Assigned task:
Your answer should consist of each line from the data below that contains "baseboards".

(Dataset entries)
--------------------

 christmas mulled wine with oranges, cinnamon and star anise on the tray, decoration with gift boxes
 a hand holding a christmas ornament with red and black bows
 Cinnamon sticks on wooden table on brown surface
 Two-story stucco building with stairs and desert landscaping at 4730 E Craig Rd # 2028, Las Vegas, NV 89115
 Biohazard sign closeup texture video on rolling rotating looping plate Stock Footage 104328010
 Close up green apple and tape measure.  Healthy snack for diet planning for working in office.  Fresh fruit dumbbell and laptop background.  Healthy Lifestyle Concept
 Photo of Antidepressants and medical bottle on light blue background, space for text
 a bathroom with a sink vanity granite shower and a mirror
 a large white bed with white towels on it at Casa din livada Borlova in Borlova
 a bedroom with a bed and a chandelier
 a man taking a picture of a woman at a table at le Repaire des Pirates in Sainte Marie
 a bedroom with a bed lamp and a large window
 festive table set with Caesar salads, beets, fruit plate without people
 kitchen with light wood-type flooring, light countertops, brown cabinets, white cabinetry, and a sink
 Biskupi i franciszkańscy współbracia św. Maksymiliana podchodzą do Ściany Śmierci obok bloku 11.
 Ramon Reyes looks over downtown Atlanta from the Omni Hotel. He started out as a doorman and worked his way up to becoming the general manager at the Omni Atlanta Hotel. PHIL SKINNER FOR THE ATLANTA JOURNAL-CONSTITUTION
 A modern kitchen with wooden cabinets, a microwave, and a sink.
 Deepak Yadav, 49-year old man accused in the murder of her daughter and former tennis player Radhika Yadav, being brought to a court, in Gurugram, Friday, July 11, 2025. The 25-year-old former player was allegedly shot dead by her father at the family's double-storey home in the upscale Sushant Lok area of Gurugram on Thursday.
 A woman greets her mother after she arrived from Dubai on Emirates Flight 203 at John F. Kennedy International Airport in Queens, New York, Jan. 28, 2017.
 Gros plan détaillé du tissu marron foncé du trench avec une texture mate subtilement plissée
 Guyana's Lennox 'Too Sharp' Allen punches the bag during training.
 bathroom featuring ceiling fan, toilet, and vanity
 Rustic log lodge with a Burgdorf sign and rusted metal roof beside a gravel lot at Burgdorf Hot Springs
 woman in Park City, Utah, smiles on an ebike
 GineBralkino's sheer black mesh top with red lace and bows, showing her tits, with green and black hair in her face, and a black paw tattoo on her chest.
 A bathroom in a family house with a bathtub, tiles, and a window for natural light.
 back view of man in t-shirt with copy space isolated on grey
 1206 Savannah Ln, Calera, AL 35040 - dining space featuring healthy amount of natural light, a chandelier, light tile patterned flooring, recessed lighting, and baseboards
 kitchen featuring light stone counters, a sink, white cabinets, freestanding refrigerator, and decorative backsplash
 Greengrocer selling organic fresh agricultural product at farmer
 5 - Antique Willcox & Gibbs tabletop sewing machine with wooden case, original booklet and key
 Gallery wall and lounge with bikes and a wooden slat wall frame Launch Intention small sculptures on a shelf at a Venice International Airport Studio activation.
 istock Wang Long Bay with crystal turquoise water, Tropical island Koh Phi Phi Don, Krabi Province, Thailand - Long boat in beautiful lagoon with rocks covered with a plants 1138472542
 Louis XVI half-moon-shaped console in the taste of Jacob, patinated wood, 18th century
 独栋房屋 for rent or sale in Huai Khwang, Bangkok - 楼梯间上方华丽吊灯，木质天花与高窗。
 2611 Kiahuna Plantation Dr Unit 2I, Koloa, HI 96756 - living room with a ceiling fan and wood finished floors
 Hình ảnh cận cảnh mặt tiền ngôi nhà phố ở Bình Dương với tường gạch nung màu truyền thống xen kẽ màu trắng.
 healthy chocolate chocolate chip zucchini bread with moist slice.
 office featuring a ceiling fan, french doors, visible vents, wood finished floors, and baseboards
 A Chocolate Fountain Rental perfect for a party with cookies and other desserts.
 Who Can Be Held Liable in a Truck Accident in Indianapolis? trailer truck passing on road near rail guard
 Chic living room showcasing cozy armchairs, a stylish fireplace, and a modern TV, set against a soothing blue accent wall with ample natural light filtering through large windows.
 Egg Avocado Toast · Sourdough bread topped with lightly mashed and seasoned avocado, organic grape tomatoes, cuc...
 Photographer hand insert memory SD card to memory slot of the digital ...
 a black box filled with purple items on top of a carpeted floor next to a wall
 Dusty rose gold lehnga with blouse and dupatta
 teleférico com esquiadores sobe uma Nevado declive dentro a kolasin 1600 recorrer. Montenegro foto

--------------------

Task solution:
 1206 Savannah Ln, Calera, AL 35040 - dining space featuring healthy amount of natural light, a chandelier, light tile patterned flooring, recessed lighting, and baseboards
 office featuring a ceiling fan, french doors, visible vents, wood finished floors, and baseboards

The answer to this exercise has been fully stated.